_ABOUT THIS TASK:_ Taking the entries below, transcribe only the lines starting with the one with "sweetdiva2012 online show" and going on through the one with "ABS модул Тойота Land Cruiser J 150", exactly as written, without the pictures.

[Opening GIVEN RECORDS section]

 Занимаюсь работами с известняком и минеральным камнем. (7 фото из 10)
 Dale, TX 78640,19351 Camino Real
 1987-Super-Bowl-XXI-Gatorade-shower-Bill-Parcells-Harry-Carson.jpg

[Closing GIVEN RECORDS section]
[Opening GIVEN RECORDS section]

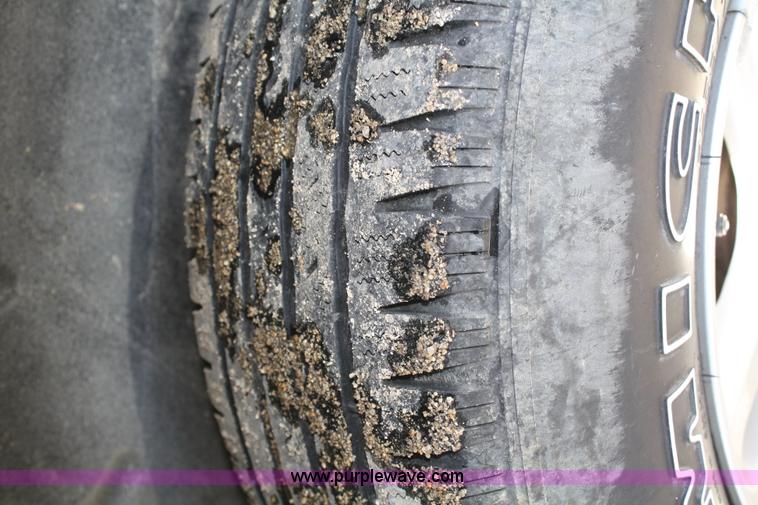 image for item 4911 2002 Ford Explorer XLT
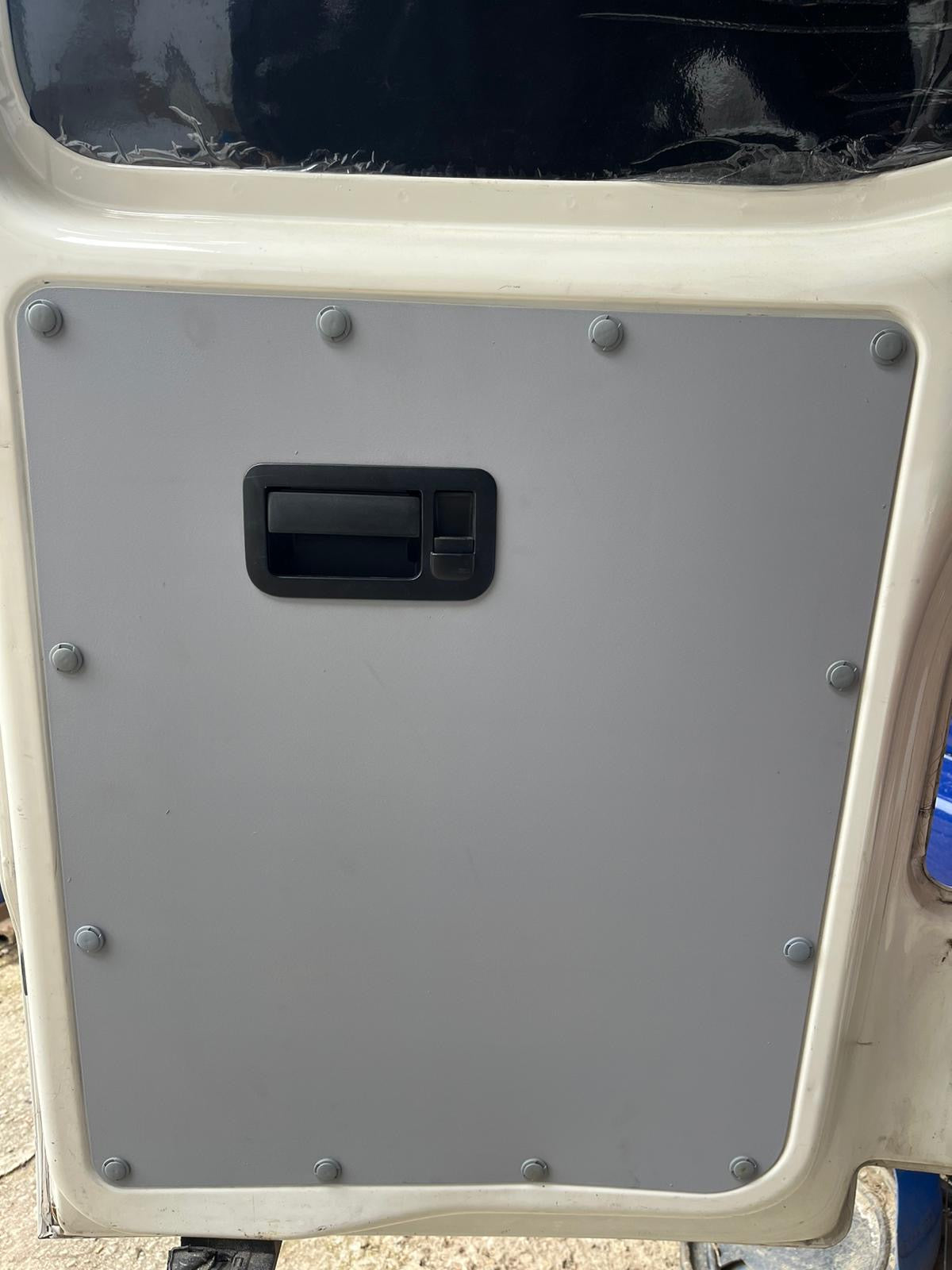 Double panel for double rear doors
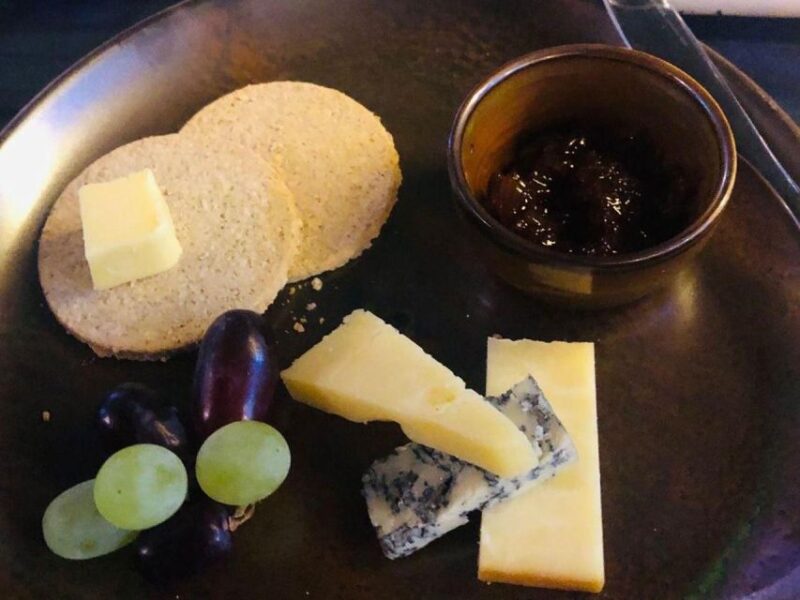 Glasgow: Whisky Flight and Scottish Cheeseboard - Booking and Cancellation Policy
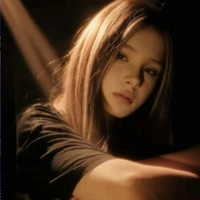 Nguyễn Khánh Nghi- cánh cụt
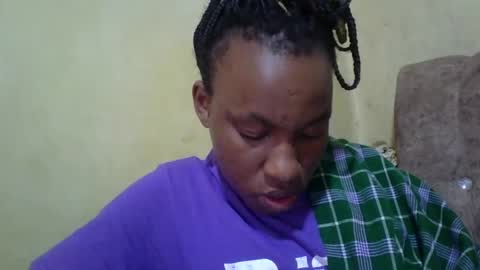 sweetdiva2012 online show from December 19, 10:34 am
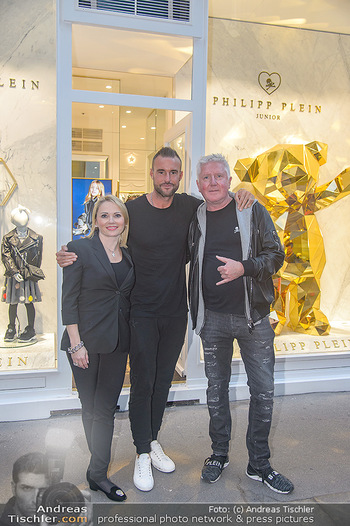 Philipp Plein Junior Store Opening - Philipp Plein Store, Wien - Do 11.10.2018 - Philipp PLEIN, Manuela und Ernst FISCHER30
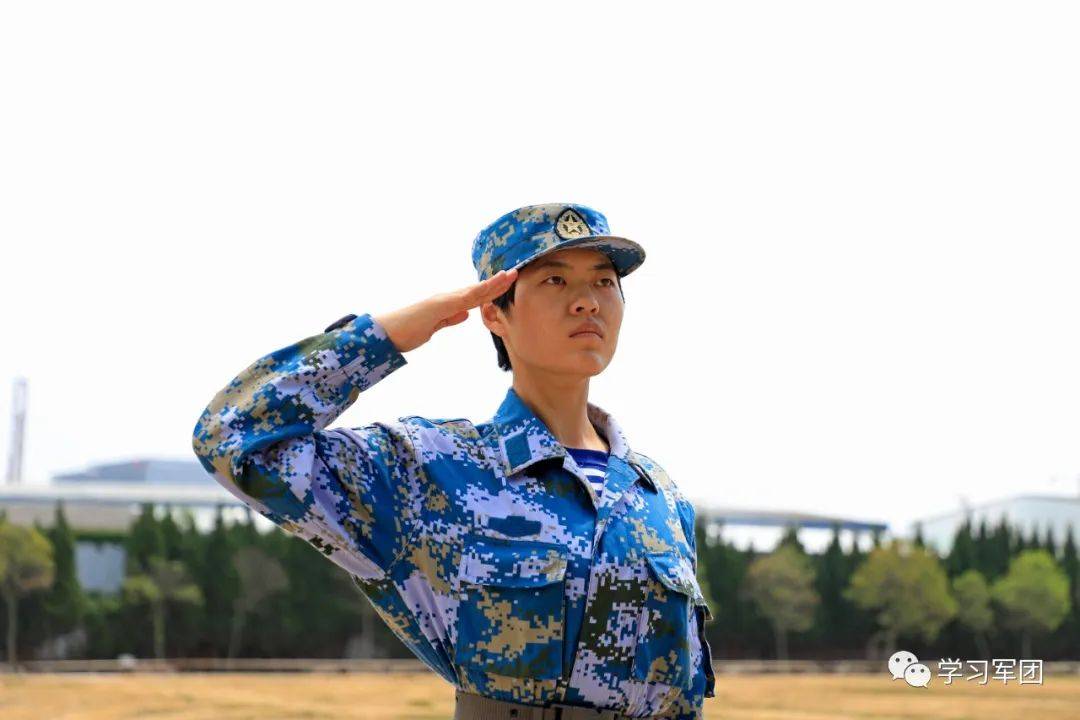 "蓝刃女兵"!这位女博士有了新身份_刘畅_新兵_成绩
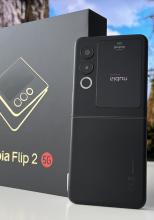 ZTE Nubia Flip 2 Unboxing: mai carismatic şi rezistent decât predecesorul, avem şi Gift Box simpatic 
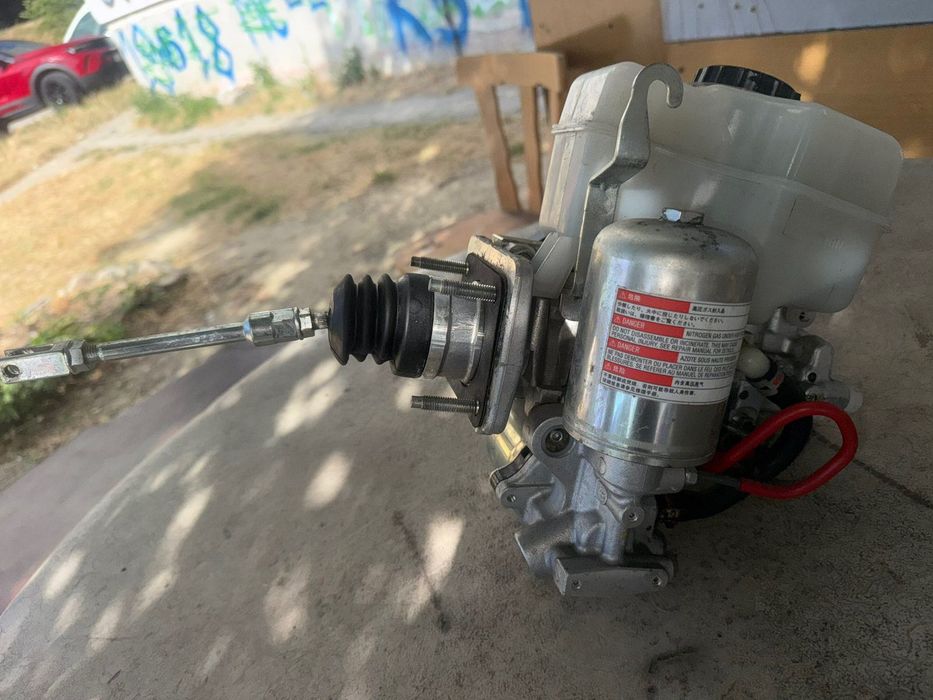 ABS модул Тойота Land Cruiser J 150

[Closing GIVEN RECORDS section]
[Opening GIVEN RECORDS section]

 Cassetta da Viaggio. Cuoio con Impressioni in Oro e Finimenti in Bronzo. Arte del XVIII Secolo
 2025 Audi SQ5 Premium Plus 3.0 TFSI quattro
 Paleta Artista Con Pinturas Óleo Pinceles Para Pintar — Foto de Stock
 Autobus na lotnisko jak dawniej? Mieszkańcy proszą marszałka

[Closing GIVEN RECORDS section]

_EXERCISE RESULT:_
 sweetdiva2012 online show from December 19, 10:34 am
 Philipp Plein Junior Store Opening - Philipp Plein Store, Wien - Do 11.10.2018 - Philipp PLEIN, Manuela und Ernst FISCHER30
 "蓝刃女兵"!这位女博士有了新身份_刘畅_新兵_成绩
 ZTE Nubia Flip 2 Unboxing: mai carismatic şi rezistent decât predecesorul, avem şi Gift Box simpatic 
 ABS модул Тойота Land Cruiser J 150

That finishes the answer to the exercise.